The field of industrial anomaly detection (AD) is quintessentially challenged by the scarcity of defective samples, which are vital for the robust training of models intended to identify and categorize manufacturing defects. In a novel approach to address this bottleneck, this paper introduces the AdaBLDM algorithm—a highly customized iteration of the Blended Latent Diffusion Model (BLDM)—geared towards the generation of realistic synthetic defective samples. This work stands out by adeptly marrying the generative prowess of diffusion models with specific tailoring for industrial defect generation, thus offering a noteworthy contribution to enhancing anomaly detection accuracies.

The Core of AdaBLDM

AdaBLDM distinguishes itself by making several key advancements to the foundational BLDM framework. Primarily, it introduces a controlled generation of defects through a novel "defect trimap" mechanism and text-based prompts, ensuring that generated defects are not only high in quality but also accurately representative of a variety of defect patterns. This tailored generation is further refined through a multi-stage editing and inference process, incorporating both latent and pixel space modifications, and an innovative online adaptation of the image decoder. These technical refinements culminate in a model capable of producing synthetic defective samples that are significantly superior in diversity and quality to those generated by existing state-of-the-art methods.

Experimental Validation

The validation of the AdaBLDM algorithm on the MVTec AD dataset, BTAD, and KSDD2 reinforces its potential as a groundbreaking tool in the domain of industrial defect generation. By augmenting the training sets of anomaly detection models with synthetically generated defects, AdaBLDM has consistently demonstrated a capability to significantly elevate the performance metrics of anomaly detection—surpassing traditional approaches and other state-of-the-art generative methods. This is not only a testament to the fidelity and applicability of the synthetic samples generated by AdaBLDM but also underscores the algorithm's practical value in addressing the perennial challenge of sample scarcity in industrial anomaly detection tasks.
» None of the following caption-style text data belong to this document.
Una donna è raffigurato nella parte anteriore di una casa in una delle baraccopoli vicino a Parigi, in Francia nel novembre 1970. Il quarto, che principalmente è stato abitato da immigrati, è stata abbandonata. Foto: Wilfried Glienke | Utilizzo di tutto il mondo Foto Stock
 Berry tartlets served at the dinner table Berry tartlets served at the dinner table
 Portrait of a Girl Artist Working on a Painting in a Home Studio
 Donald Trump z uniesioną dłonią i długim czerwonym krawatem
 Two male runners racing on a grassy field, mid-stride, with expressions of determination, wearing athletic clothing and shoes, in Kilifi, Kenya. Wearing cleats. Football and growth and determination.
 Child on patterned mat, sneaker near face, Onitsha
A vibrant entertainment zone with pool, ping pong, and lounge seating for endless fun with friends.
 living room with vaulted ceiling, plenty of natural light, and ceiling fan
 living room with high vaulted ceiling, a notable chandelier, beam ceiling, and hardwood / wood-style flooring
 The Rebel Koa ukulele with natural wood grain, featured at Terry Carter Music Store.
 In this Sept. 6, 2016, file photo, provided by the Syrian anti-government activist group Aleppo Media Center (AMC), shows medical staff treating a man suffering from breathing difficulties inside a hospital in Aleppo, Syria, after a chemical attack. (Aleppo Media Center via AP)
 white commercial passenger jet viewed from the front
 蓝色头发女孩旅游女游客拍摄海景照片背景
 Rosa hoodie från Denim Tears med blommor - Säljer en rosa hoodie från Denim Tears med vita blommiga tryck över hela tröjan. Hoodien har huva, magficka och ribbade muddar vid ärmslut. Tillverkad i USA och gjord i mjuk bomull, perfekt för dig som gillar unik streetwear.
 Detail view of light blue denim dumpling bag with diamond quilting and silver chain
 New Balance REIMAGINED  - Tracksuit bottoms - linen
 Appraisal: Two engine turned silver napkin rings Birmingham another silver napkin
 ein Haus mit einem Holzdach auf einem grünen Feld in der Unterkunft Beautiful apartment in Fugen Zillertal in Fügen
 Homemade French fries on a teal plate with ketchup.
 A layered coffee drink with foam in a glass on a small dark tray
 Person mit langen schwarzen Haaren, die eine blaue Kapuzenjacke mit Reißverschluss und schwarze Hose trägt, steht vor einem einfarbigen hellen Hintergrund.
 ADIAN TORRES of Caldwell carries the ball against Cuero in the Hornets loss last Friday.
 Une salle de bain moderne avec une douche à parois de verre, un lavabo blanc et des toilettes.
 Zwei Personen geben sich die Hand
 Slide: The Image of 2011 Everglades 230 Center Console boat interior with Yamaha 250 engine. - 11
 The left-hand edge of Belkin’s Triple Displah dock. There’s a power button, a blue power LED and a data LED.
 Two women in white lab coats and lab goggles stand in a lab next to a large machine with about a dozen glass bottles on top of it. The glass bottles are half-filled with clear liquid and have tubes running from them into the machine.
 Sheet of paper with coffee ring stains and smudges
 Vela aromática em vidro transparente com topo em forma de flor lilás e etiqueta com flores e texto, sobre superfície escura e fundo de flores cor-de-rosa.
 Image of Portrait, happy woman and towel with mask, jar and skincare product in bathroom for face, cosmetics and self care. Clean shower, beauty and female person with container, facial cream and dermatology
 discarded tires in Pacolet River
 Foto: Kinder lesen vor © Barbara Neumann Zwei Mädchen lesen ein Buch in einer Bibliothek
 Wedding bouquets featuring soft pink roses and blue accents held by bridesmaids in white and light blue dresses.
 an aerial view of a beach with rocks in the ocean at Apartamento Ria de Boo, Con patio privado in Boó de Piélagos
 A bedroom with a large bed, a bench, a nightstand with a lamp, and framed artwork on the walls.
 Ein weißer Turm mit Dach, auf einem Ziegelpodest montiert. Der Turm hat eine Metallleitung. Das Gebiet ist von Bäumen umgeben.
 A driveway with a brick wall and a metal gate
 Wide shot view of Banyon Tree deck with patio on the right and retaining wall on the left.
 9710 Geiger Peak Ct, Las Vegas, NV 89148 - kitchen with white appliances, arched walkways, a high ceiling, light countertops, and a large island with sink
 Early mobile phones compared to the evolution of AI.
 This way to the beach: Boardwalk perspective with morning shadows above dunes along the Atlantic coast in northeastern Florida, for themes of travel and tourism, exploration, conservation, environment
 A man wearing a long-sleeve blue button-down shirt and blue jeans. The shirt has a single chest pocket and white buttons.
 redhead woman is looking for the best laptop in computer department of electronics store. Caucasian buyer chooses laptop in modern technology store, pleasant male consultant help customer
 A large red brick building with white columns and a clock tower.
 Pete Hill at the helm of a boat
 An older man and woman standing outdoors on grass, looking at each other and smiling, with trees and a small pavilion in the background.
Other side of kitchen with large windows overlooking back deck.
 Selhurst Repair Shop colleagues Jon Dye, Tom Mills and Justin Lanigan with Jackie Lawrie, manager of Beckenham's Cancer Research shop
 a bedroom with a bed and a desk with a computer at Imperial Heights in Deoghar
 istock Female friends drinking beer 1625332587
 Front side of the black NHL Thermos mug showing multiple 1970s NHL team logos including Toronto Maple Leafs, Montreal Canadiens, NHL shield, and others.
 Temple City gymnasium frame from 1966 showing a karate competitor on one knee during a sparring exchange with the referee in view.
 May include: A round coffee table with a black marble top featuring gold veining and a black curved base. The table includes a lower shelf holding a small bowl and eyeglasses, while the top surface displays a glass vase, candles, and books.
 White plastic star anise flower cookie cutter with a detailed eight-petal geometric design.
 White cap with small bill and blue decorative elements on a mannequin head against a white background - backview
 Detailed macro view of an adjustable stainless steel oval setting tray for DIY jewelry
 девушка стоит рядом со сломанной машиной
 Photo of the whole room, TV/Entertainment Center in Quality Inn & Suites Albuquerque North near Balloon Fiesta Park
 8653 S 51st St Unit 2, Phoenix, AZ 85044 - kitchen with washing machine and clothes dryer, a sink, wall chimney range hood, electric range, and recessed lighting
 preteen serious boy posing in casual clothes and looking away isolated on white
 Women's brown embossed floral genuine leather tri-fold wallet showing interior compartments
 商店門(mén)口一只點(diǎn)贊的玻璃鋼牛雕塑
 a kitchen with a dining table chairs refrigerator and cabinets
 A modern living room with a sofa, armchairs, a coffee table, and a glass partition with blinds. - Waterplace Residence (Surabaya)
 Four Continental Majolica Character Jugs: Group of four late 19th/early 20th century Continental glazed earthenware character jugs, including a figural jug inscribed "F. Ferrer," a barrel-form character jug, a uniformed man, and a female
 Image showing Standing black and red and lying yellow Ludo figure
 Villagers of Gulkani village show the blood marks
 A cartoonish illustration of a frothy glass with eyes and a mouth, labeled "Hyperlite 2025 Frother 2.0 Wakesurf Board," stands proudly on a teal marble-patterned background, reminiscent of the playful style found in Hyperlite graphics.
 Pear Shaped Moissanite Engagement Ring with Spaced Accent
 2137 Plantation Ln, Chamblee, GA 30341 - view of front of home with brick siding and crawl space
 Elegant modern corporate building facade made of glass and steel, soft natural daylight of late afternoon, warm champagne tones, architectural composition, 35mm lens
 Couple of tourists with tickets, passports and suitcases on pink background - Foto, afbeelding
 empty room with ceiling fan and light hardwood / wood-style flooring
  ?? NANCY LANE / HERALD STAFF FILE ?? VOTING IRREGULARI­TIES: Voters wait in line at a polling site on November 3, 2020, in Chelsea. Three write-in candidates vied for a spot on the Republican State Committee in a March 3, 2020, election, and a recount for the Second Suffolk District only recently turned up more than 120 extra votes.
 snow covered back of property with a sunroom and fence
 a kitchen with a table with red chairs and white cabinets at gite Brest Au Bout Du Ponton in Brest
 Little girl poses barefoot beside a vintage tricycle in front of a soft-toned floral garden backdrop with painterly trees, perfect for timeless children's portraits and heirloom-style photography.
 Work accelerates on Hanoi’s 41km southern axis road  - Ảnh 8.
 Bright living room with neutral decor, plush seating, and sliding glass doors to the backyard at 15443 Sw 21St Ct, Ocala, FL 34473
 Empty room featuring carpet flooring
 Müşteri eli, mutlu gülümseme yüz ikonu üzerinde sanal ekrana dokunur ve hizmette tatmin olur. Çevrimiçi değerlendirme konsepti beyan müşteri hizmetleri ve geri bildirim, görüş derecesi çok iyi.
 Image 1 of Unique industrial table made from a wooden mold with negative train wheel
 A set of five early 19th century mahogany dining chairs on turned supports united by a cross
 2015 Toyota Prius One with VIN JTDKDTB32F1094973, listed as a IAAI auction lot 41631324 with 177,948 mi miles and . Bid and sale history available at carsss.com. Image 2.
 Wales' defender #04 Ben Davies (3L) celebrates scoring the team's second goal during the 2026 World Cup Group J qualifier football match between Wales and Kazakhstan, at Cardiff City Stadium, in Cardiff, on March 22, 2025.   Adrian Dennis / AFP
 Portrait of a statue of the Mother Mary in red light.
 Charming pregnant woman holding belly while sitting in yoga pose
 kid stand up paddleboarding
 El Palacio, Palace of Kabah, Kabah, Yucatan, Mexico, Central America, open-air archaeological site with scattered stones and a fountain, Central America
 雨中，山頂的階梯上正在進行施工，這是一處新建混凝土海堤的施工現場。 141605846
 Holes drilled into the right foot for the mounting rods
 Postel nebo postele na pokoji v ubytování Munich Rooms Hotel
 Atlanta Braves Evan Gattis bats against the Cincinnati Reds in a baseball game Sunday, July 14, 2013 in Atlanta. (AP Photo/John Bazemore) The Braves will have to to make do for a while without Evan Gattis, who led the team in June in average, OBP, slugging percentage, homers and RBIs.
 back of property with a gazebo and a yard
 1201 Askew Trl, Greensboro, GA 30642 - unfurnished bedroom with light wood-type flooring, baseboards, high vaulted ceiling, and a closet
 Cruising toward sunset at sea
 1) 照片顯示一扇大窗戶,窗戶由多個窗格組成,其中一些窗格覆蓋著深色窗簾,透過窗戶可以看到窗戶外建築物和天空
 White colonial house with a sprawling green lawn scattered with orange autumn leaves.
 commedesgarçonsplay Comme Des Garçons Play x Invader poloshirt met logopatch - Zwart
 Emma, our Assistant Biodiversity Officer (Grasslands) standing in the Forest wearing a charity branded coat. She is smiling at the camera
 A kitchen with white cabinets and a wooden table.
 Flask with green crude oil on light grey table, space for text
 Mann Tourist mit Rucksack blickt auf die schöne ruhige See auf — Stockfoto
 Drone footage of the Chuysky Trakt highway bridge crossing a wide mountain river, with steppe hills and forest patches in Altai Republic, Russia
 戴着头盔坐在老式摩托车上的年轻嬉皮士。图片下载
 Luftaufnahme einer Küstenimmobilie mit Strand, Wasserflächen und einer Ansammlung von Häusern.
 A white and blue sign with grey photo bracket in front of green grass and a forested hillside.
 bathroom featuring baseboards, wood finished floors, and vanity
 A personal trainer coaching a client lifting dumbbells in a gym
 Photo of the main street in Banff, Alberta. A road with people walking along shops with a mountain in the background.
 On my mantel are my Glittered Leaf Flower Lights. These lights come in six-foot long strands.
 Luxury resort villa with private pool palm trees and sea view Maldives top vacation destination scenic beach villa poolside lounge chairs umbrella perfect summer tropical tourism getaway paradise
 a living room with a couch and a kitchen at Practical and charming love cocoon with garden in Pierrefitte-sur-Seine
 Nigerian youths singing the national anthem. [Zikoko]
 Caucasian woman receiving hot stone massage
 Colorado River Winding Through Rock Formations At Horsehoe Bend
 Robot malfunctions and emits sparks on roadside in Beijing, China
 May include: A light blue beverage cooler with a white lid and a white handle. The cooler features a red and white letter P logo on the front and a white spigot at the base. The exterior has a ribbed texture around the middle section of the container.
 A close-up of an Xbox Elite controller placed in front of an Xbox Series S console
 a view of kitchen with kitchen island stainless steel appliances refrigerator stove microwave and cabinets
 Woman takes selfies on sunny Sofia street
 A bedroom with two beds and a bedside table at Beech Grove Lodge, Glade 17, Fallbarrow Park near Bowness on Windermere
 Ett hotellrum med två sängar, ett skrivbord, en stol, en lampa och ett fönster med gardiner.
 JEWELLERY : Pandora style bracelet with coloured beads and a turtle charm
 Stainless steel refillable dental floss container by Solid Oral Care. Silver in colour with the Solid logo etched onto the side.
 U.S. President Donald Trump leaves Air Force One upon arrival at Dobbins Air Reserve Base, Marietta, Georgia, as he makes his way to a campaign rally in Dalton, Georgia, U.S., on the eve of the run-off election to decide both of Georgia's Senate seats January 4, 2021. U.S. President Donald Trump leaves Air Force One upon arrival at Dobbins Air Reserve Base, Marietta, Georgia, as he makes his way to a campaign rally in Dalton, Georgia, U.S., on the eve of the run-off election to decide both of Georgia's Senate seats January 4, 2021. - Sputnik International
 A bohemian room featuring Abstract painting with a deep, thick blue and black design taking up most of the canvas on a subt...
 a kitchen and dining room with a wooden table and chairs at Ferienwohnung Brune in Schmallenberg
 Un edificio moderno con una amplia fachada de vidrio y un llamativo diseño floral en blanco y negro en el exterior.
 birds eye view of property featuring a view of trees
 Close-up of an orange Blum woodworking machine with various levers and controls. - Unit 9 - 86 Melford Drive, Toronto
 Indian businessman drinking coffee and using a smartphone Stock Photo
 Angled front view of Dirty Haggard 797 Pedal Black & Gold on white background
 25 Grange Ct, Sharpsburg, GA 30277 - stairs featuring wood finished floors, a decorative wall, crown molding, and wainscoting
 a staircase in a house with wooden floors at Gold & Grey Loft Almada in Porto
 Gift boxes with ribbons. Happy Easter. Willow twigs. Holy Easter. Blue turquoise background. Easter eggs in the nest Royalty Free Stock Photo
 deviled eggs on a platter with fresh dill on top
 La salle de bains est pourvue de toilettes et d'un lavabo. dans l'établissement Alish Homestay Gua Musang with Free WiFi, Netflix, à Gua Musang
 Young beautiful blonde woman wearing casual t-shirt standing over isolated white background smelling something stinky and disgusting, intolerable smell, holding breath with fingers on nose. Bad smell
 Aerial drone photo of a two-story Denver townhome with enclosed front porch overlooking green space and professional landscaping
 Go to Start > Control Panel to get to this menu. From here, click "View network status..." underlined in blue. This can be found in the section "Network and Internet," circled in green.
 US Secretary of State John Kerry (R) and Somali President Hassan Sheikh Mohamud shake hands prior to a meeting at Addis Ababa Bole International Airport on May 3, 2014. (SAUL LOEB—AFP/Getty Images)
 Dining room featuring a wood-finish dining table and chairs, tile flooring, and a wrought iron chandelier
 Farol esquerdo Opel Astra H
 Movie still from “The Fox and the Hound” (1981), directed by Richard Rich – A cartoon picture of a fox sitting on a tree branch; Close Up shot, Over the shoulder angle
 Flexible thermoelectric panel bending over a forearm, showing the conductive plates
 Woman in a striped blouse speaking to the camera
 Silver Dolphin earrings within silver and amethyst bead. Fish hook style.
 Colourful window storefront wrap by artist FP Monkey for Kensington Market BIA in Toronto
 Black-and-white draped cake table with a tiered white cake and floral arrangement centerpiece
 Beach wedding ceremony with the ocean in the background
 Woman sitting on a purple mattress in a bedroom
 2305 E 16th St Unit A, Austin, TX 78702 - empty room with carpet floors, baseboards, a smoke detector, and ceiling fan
Implications and Future Directions

The implications of AdaBLDM's success extend far beyond its immediate application in industrial defect generation. Its methodology provides a robust framework for further exploration and innovation in the application of generative models within industrial quality control and beyond. Looking ahead, there is vast potential in enhancing the algorithm's efficacy through the integration of more detailed defect descriptions in the text prompts, thereby achieving a finer granularity in the synthesized defects. Moreover, optimizing the diffusion model's inference speed could enable the generation of a larger volume of synthetic samples within practical time constraints, further broadening the algorithm's applicability and impact.

Conclusion

The AdaBLDM algorithm represents a significant stride forward in leveraging the capabilities of generative AI for industrial anomaly detection. By generating realistic and diverse defective samples tailored to the specific demands of anomaly detection tasks, AdaBLDM not only addresses a critical bottleneck in AD model training but also paves the way for future innovations in the field of generative AI. As we move forward, the continuous refinement and application of AdaBLDM hold the promise of unlocking new frontiers in not just industrial quality control but in the broader context of applying AI to tackle challenging real-world problems.